Perhaps the most significant passage of the ruling is where the Court observes that the concept of personalisation is:

completely inappropriate, as it pertains exclusively to biological damage and is not applicable with reference to moral damage”.

This is a particularly clear statement, likely to become a key legal precedent on the subject.

Moral damage and biological damage are not the same thing.

Starting from this premise, the Court of Cassation reiterates a principle already affirmed in numerous previous decisions: moral damage retains its own autonomy with respect to biological damage.

The internal suffering of the injured party represents a different prejudice compared to the dynamic-relational limitations resulting from the damage to health.

For this reason, moral damage cannot be absorbed into the assessment of biological damage, nor can it be subordinated to the demonstration of the same circumstances required for personalisation.

According to the Court:

Moral damage, understood as inner suffering, retains its own ontological autonomy from biological damage”.

It follows that, if ascertained, it must be settled in addition to non-pecuniary damage.

The proof of moral damage

The judgment also offers some useful indications on the evidentiary level.

The Court reiterates that moral damages must be pleaded and proven by the injured party, but clarifies that such proof can also be established through presumptions, rules of experience, and notorious facts.

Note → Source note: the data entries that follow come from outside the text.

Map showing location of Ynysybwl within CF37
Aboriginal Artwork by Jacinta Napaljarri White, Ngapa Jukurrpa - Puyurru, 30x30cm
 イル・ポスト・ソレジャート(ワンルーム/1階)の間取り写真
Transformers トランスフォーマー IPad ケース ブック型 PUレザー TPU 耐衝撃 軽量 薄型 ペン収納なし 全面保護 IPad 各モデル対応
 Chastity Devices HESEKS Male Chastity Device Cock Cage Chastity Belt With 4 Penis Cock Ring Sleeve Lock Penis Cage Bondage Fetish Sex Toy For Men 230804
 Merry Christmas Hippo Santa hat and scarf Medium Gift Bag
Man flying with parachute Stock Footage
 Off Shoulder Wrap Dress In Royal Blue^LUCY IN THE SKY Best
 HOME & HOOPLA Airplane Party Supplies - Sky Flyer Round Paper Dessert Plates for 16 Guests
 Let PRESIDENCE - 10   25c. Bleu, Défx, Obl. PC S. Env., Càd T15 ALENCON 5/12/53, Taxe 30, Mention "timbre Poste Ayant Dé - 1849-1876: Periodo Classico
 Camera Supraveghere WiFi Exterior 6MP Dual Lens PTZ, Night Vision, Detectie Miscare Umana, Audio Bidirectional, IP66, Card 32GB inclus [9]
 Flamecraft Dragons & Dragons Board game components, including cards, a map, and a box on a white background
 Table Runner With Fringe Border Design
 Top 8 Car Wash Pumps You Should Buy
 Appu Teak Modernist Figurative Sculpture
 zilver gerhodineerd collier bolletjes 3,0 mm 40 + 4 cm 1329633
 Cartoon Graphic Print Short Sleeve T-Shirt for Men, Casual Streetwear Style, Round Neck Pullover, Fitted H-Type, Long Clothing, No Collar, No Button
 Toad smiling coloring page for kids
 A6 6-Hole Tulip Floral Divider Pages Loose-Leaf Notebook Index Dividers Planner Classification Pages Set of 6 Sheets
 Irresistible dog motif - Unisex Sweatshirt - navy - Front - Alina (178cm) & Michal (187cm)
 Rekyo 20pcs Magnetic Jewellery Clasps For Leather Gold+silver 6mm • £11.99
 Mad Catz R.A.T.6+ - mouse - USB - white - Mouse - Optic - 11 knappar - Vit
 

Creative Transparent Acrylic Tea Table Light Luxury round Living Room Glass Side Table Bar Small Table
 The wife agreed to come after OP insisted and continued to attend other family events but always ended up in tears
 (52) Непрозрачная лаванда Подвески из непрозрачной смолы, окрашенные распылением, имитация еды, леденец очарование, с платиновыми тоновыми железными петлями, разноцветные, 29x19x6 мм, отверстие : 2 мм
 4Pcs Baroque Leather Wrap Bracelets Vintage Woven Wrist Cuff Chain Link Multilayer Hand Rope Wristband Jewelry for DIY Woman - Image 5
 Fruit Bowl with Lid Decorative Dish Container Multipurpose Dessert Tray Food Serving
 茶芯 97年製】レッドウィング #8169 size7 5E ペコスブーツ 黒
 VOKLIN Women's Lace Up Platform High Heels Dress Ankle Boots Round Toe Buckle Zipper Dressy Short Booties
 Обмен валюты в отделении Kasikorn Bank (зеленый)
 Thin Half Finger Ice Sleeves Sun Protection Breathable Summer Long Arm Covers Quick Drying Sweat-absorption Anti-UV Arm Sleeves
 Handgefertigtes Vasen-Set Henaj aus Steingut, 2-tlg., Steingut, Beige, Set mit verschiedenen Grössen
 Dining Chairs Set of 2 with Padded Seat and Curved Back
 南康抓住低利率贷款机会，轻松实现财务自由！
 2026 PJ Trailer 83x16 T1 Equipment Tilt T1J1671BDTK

In this context, the severity of the injury is significant.

Recalling now established precedents, the Court of Cassation observes, in fact, that the more serious the injury to health, the more reasonable it is to presume the existence of corresponding inner suffering.

Naturally, this does not mean introducing any automatic compensation, but simply recognising that the severity of biological damage can constitute a significant presumptive element for the purposes of assessing moral damage.

Concluding remarks

Judgment no. 1492/2026 does not introduce entirely new principles, but it has the merit of restoring order to a subject where conceptual overlaps are frequent.

The Court of Cassation's message is clear: moral damage and the personalisation of biological damage are separate concepts and cannot be confused.

Personalisation concerns the exceptional consequences that the injury produces in the concrete life of the person; moral damage, on the other hand, concerns the inner suffering that that injury causes.

Applying the criteria of one to the other means using inappropriate legal tools and risking the disruption of the correct balance in the assessment of non-pecuniary damage.

This is precisely the error that the Supreme Court identified and corrected with the ruling under comment.